I'd like to consider those churches who serve the poorer, needier and more deprives communities in our land for it often here than numbers and money combine to bring forth an inherited poverty that inhabits (and perhaps controls) both spiritual and physical worlds.
Confused (then, job done, perhaps I should stop now whilst behind)? No, of course you're not - well I hope you won't be:
A church I happened across was in an Urban Priority Area (UPA); one of those places that exists somewhere in every city, town and village. The people were lovely - they were the sort of either lived to work and worked to live or were what they called 'government artists' (a local euphemism for those who 'drew' benefits). Like many from churches that are in UPA or 'Estate' settings many of those who were drawn to gave more than perhaps their income or lifestyles might have led you to expect and not only did they give pound notes but they gave of their time and themselves too. This is a reality that makes some inner-city, UPA and estate churches such a blessing - people where living is hard and living as a Christian is harder still - and yet they do admirably.
So what am I talking about, because this billing doesn't appear to have anything to do with 'inherited poverty', does it?
I'm talking about the fact that even though they gave, many assumed that they'd struggle to pay their share and so, accordingly, they did! In fact that hadn't managed to pay all or much of the share for a number of years and when the issue was raised, so too were their voices as they said (in unison), 'But we're a poor church, we can't afford to pay!' They were so convinced that they were poor and couldn't pay that this became something they tried to ignore - for rather than bless and be a blessing it became the hallmark of poverty and defeat.

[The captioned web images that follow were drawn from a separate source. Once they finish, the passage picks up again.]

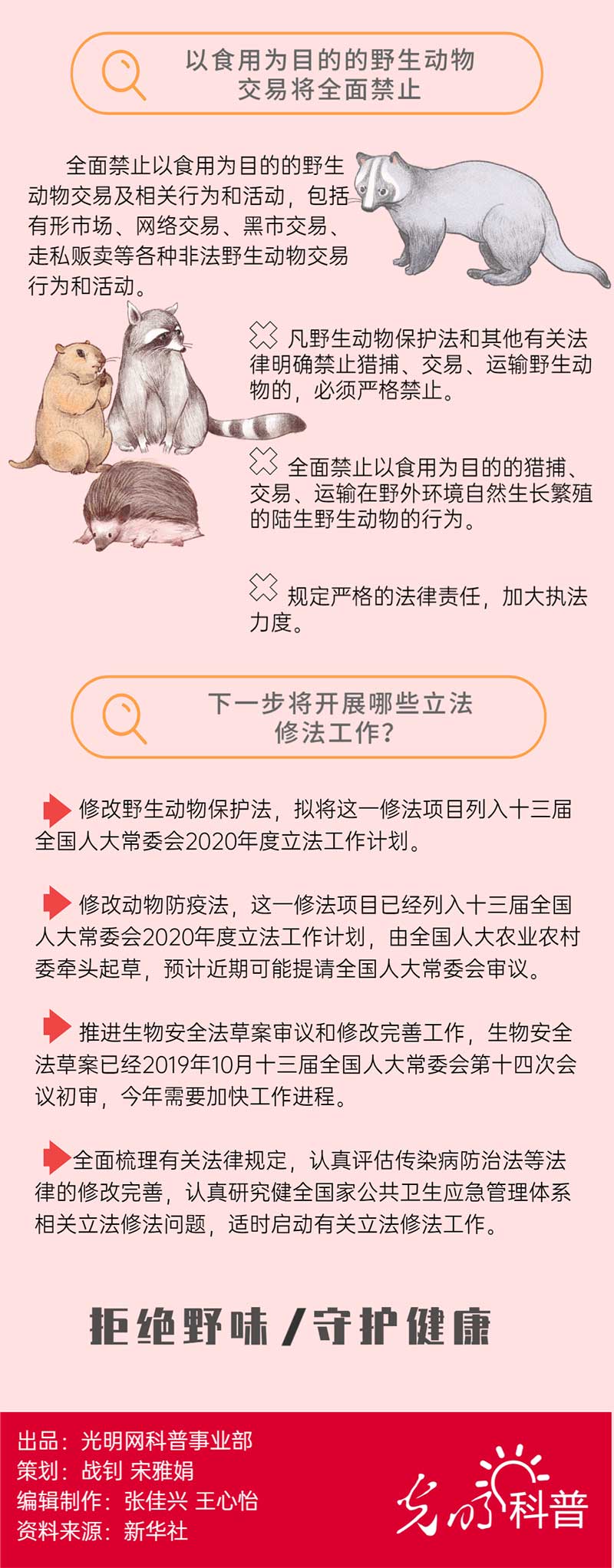 最新新捕兽粉的探索与应用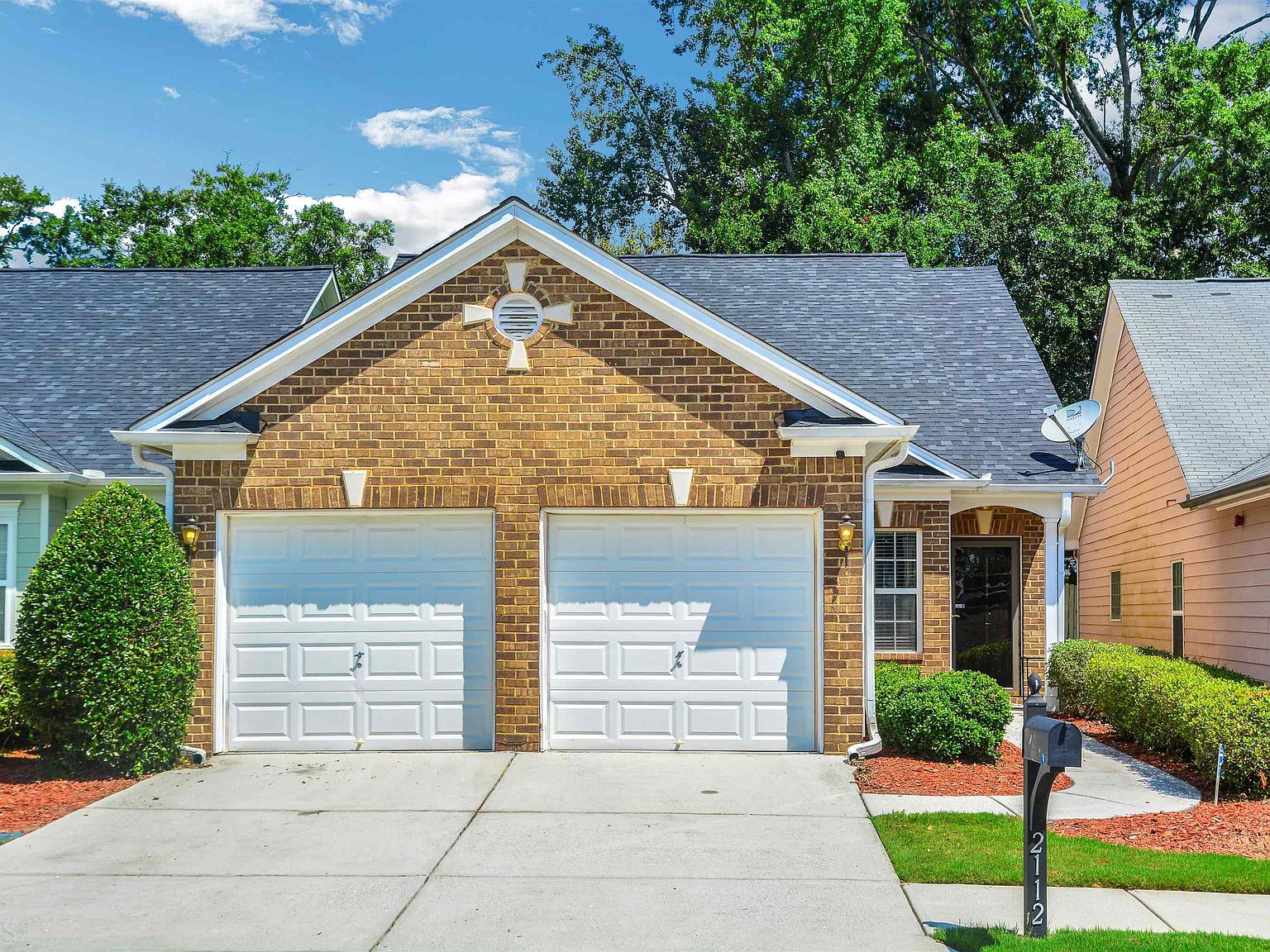 2112 Appaloosa Way, Conyers, GA 30012 Zillow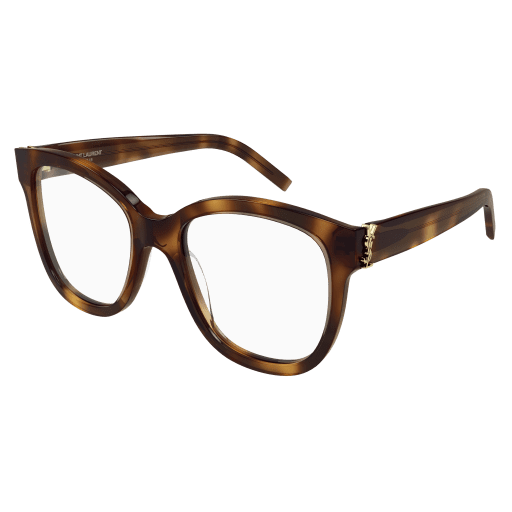 Saint Laurent Eyeglasses SL M97 003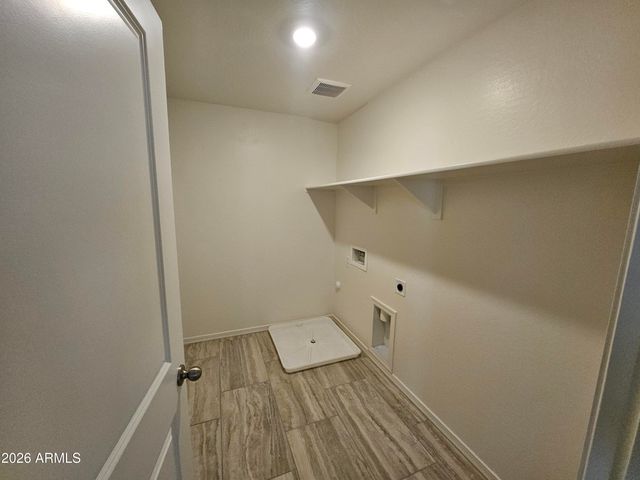 3010 E Augusta Avenue, Gilbert, AZ 85298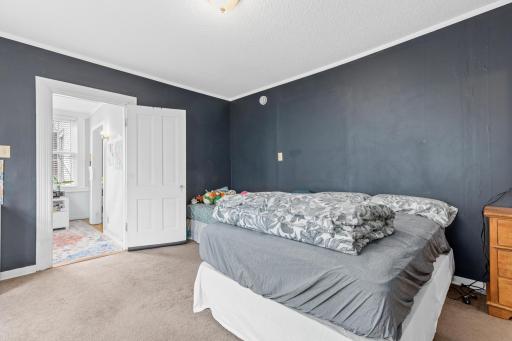 855 Hague Avenue, Saint Paul, MN 55104
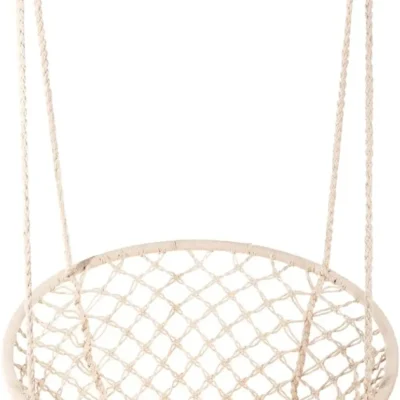pakabinamas-pintas-kreslas-hamakas-baltas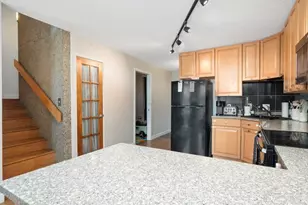 290 Straight Creek Dr, Dillon, CO 80435 - Photo 6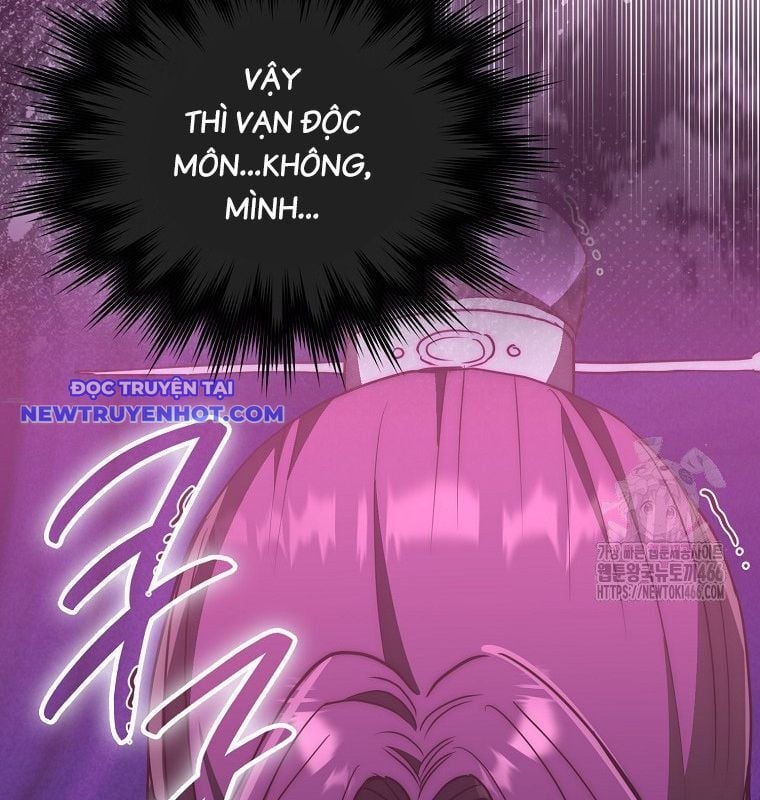 Chương 32 - Trang 173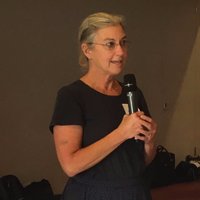 Pip Hardy (@pilgrimpip) 's Twitter Profile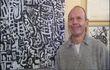 Expo Art Brut au Consultat de France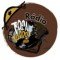 Radio Toca Forro logo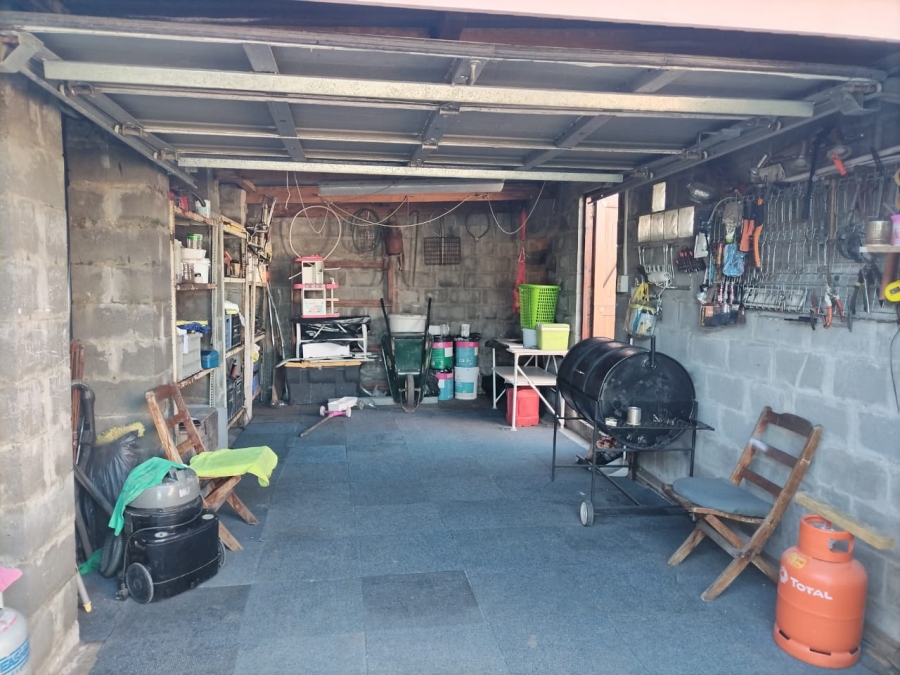 3 Bedroom Property for Sale in Delft Western Cape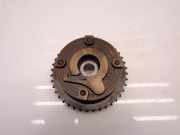 Nockenwellenversteller für Mini R55 R56 R58 R59 R60 R61 1,6 N16B16A V753608580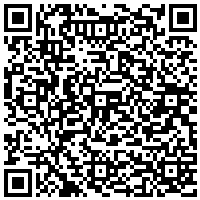 QR Code for bitcoin:bitcoin:bitcoin:bitcoin:bitcoin:bitcoin:bitcoin:bitcoin:bitcoin:bitcoin:bitcoin:bitcoin:bitcoin:bitcoin:dash:Xd2AXbLWWepTywpfsmdGF6zFWL6237PdjR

What I think was going on was that the church was under a curse they had pronounced over themselves. This course was, of course, poverty and from this poverty they found themselves unable to pay which confirmed the curse they were under and one fed the other to leave them impotent as a 'poor' church.
They looked up the road to the big successful church (whatever happened to 'Giving as Ministry' ?) and saw in their success further confirmation of their inability to pay and of their poverty in terms of numbers (and yet, oddly, both were evangelical and occupied the same beliefs and attitudes) and ability to 'be or do' church.
Then along came a new minister. Not young and flashy, not full of tricks, gimmicks, buzzwords and a 'drop dead gorgeous and talented 'worship band' (isn't it ALL worship?) but committed to breaking the cycle of poverty that had limited the congregation. They set about paying their share and amazingly, they did!
Now this will have done many things:
i. It says to the people -'you are not chained by poverty but have been set free' (and free indeed!); now live like it,
ii. It says to the diocese - 'We are committed to being part of the diocesan family',
iii. Invites renewed (visible) commitment from the diocesan as they recognise the achievement, and
iv. It beggars the question of the other churches around it - 'Were you helping or praying when they were failing or merely content because you weren't? '
It is so easy for poorer communities to believe that they are too poor to reap the benefits of God's Grace and too poor to meet their church's commitments.
It is easier still for those churches with money (and numbers) to sit back comfortably and pay from what they have whilst celebrating the many people they have who are able and active and forget about the poorer church 'up the road/across town'. Because even though this is about them - they don't stand in isolation - Do They?
Malachi's entreaty that we 'bring all of our tithe into the storehouse so that none may go without' doesn't stop at our doors but continues to the whole family.
If a man falls into a hole and has no friends, he perishes; but if he has friends he will be saved.
Who's going to help break the chains that surround so many of our vulnerable and essentially placed churches I wonder?